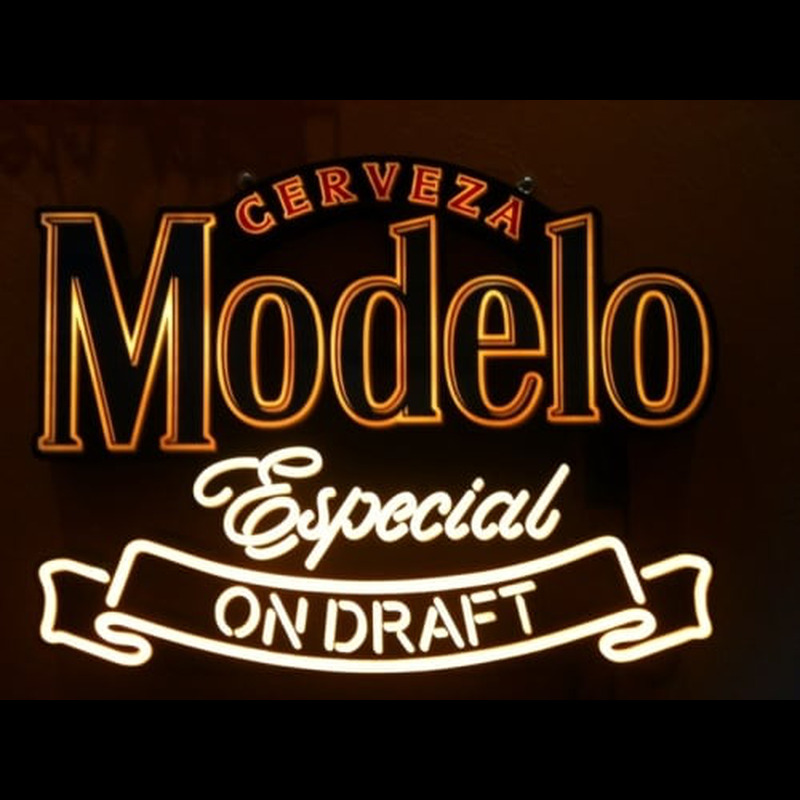 Cerveza Modelo Especial Neon Skilt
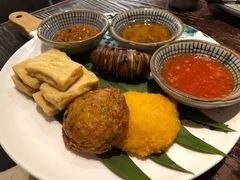 虾饼-浩海火烧云傣家菜(京广店)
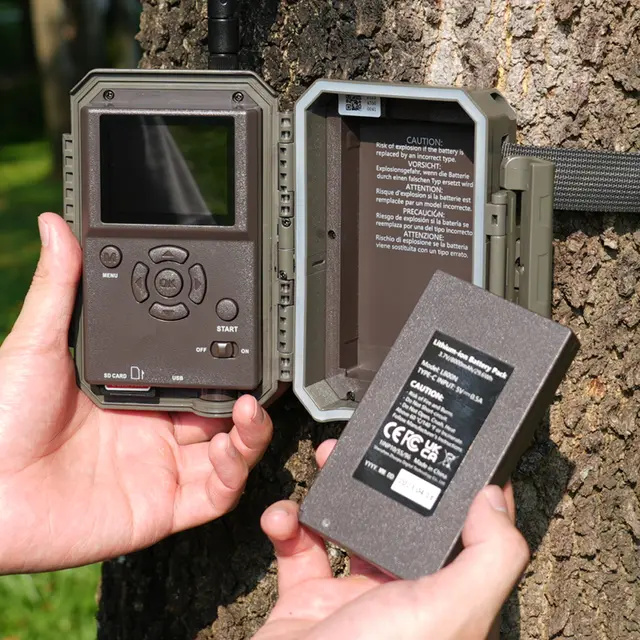 GardePro x60p con batería
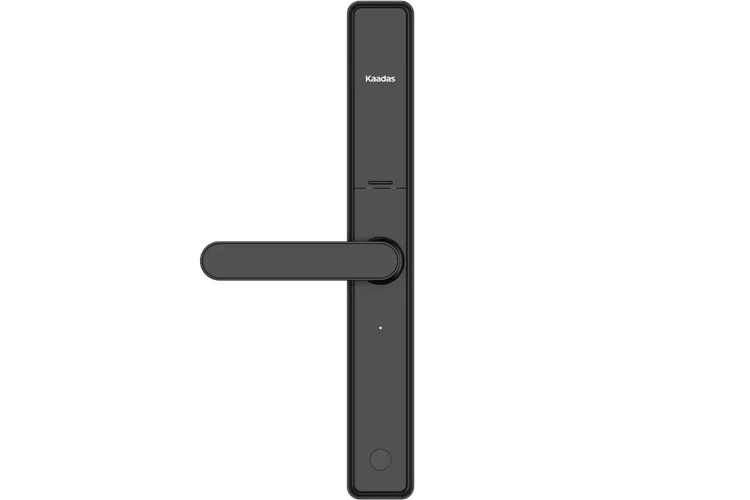Kaadas S10-5W Slim Narrow Stile WiFi Smart Lock (Black)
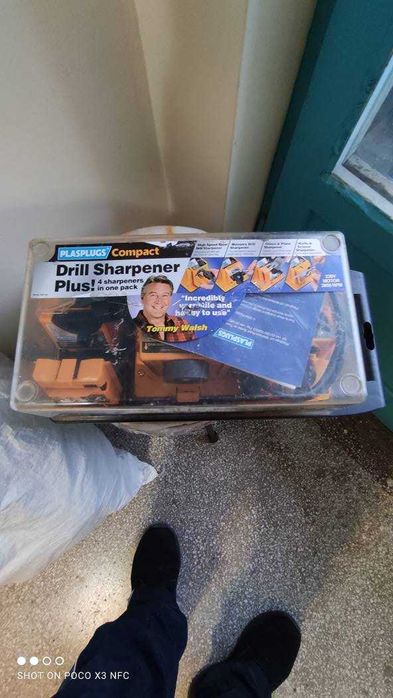 aparat original tommy walsh ptr ascutit cutite ,foarfeci ,burghie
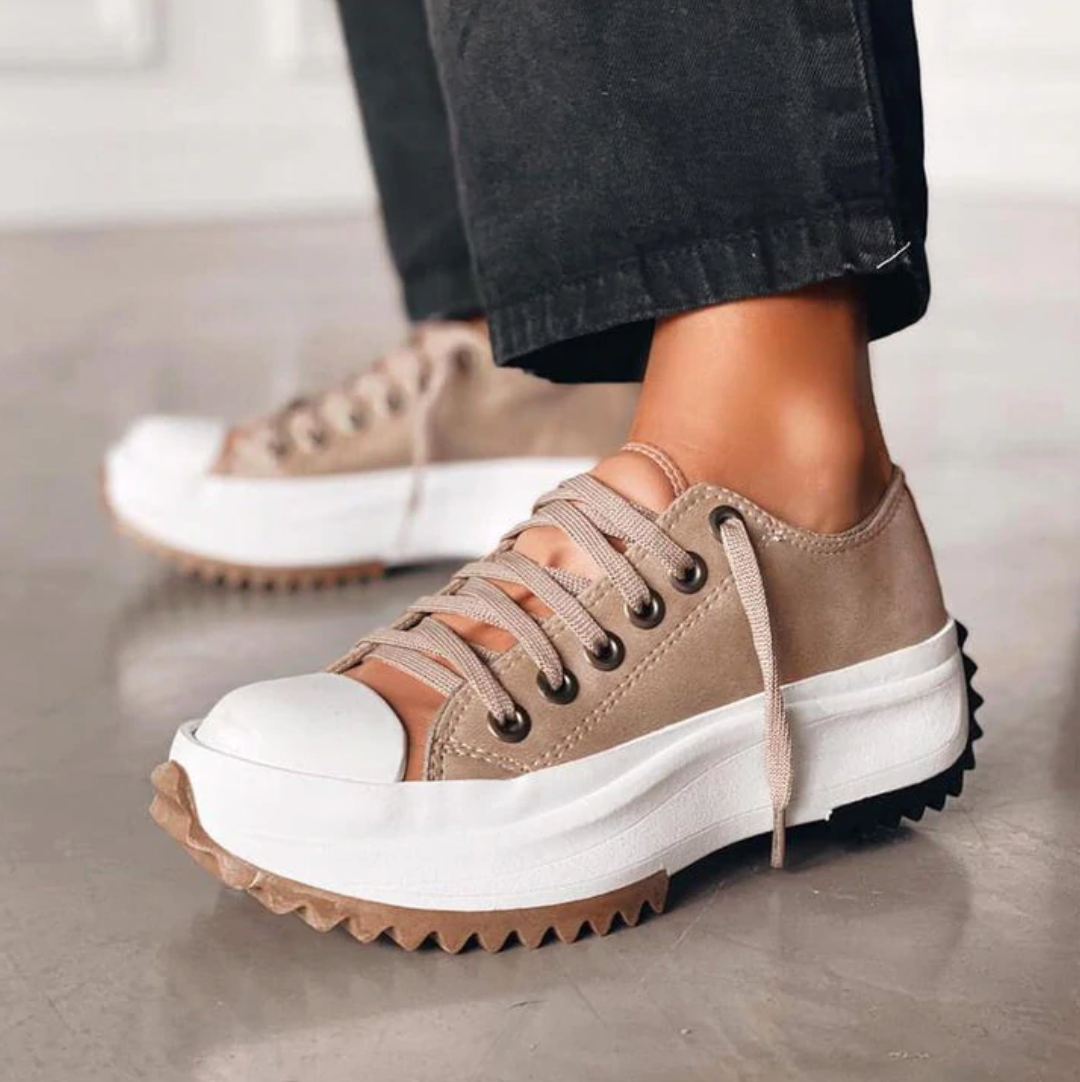 Zapatillas de Plataforma Altas y Cómodas Mujer
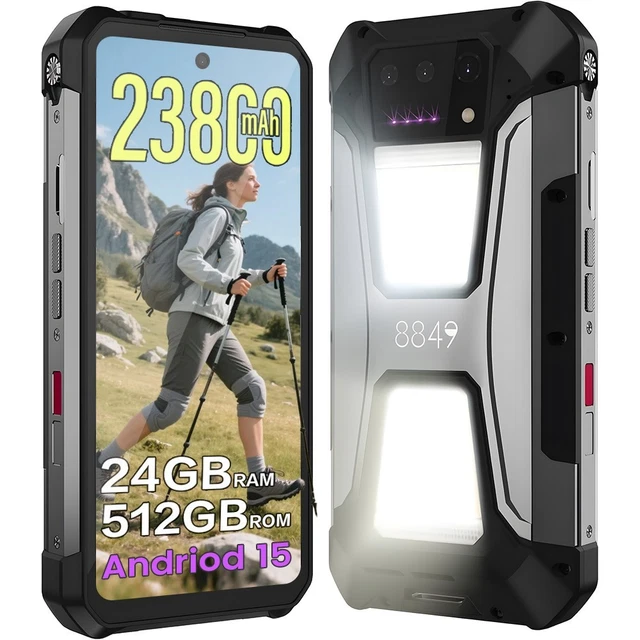 Pack De 2 Films Protecteurs Anti-reflets BROTECT Pour Unihertz Titan Pocket - Ultra Résistants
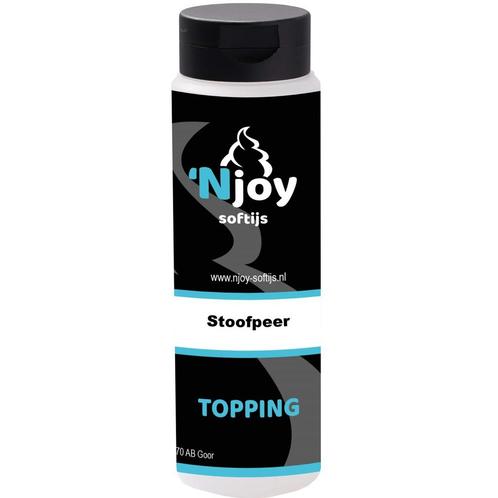 Njoy Topping Stoofpeer (500ml), Hobby en Vrije tijd, Taarten en Cupcakes maken, Nieuw, Verzenden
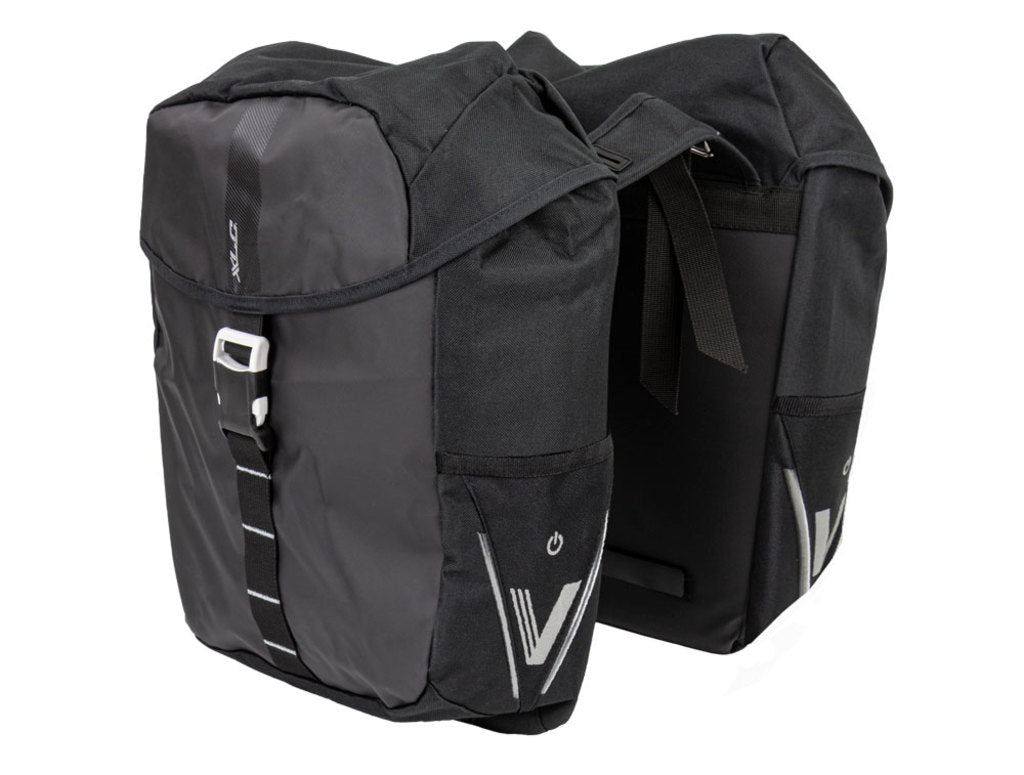 Dubbele-Fietstas-XLC-V-Light-Active-BA-S109-Zwart-34L Dubbele-Fietstas-XLC-V-Light-Active-BA-S109-Zwart-34L
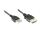 Alcasa 2511-OF5S USB Kabel USB 2.0 5 m USB A Schwarz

## What you have to do
A word-for-word copy is needed, starting at the first line of the listing and ending with the line bearing "Zapatillas de Plataforma". No pictures.

## Response area
 Cerveza Modelo Especial Neon Skilt
 虾饼-浩海火烧云傣家菜(京广店)
 GardePro x60p con batería
Kaadas S10-5W Slim Narrow Stile WiFi Smart Lock (Black)
 aparat original tommy walsh ptr ascutit cutite ,foarfeci ,burghie
 Zapatillas de Plataforma Altas y Cómodas Mujer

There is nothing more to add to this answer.